[Data section]

──────

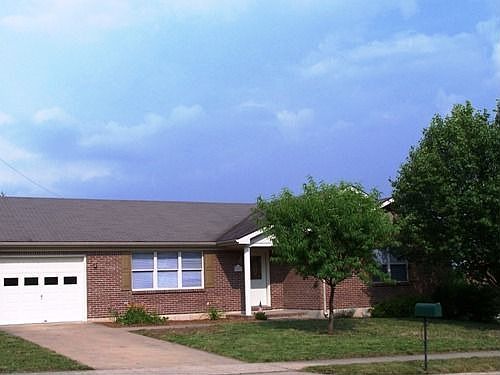 Great Ranch
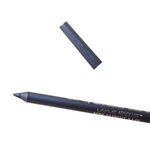 Buy Lakme Absolute Ultimate Kohl (1.2 g) - Purplle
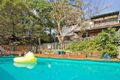 Property photo of 5 Jellingal Road Engadine NSW 2233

──────

[How to complete this task] Please repeat each line above exactly as it appears, but omit the pictures.

[Task output]
 Great Ranch
 Buy Lakme Absolute Ultimate Kohl (1.2 g) - Purplle
 Property photo of 5 Jellingal Road Engadine NSW 2233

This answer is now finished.